Contracts for coal with a heating value of 5,500 kilocalories a kilogram for shipment to South China in the first quarter of next year climbed 10 cents to $84.50 a ton on a net-as-received basis, the energy broker said. The swap for December added 5 cents to $84.05 a ton.

The spot price for coal of 5,500 kilocalories per kilogram at the port of Qinhuangdao, China’s largest for delivering the fuel, was unchanged at 630 yuan ($101) to 645 yuan a ton as of yesterday compared with a week earlier, data from China Coal Transport and Distribution Association showed today.

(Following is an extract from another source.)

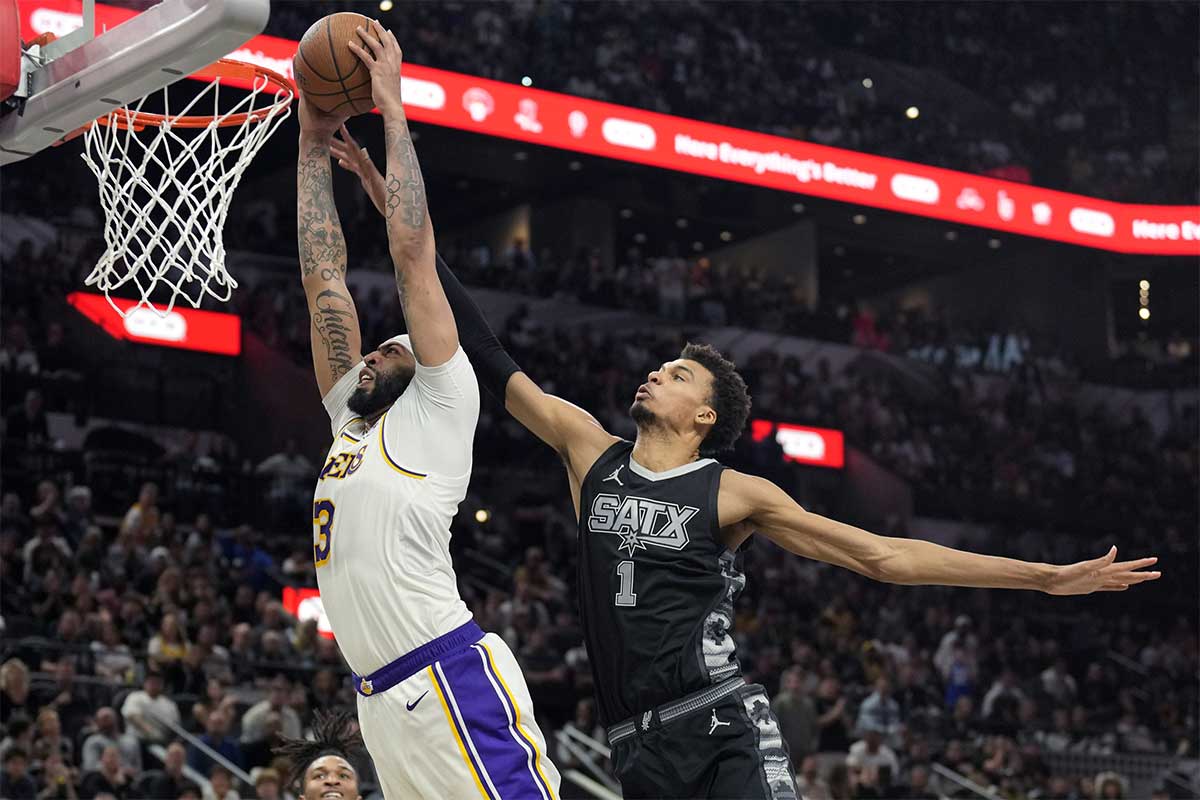 Los Angeles Lakers forward Anthony Davis (3) goes up to dunk past San Antonio Spurs center Victor Wembanyama (1) during the second half at Frost Bank Center. 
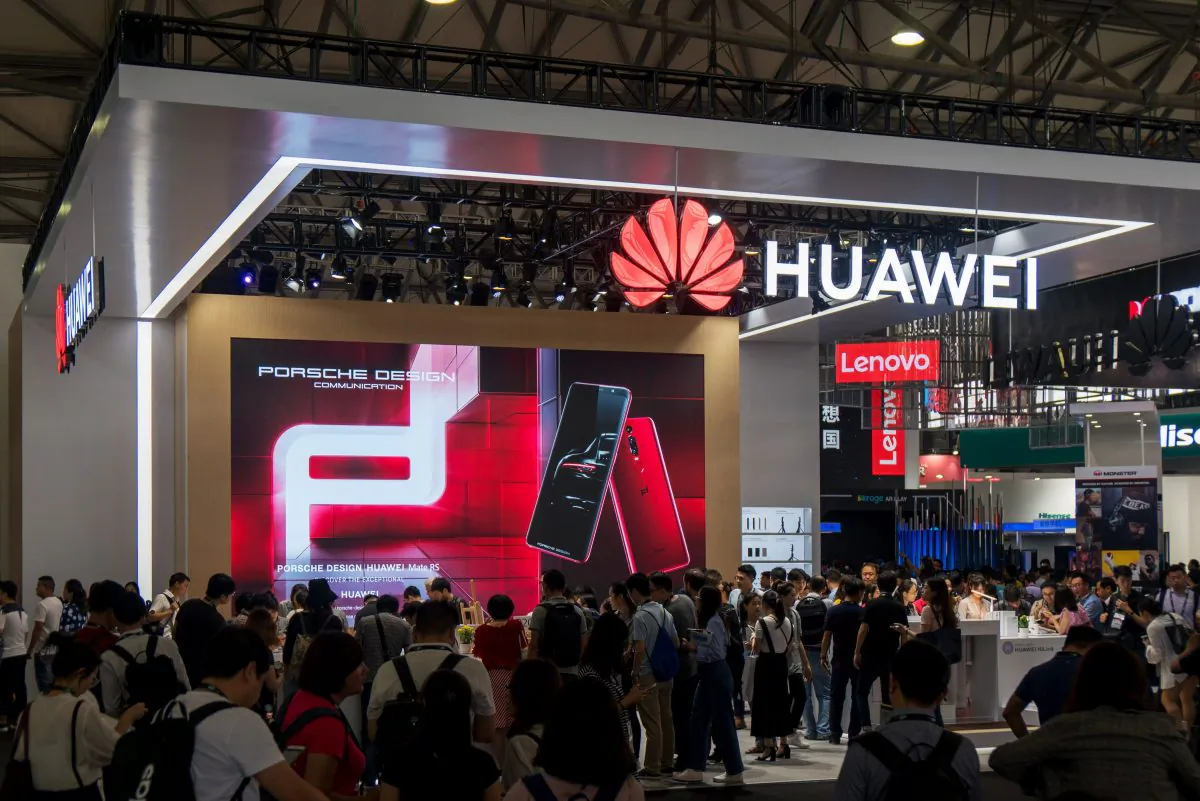 People gather at a Huawei stand during the Consumer Electronics Show (CES) Asia in Shanghai on June 13, 2018. (AFP/Getty Images)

Stockpiles at the port rose to 6.46 million tons.

A commodity swap is a financial agreement whereby a floating price is exchanged for a fixed rate over a specified contract period.

About 60 percent of Indonesia’s coal is classified as sub-bituminous. Higher moisture levels and a lower carbon content reduce the heating value compared with better-quality stock. Sub-bit coal has kilocalories of less than 6,100 per kilogram, according to the Indonesian energy ministry.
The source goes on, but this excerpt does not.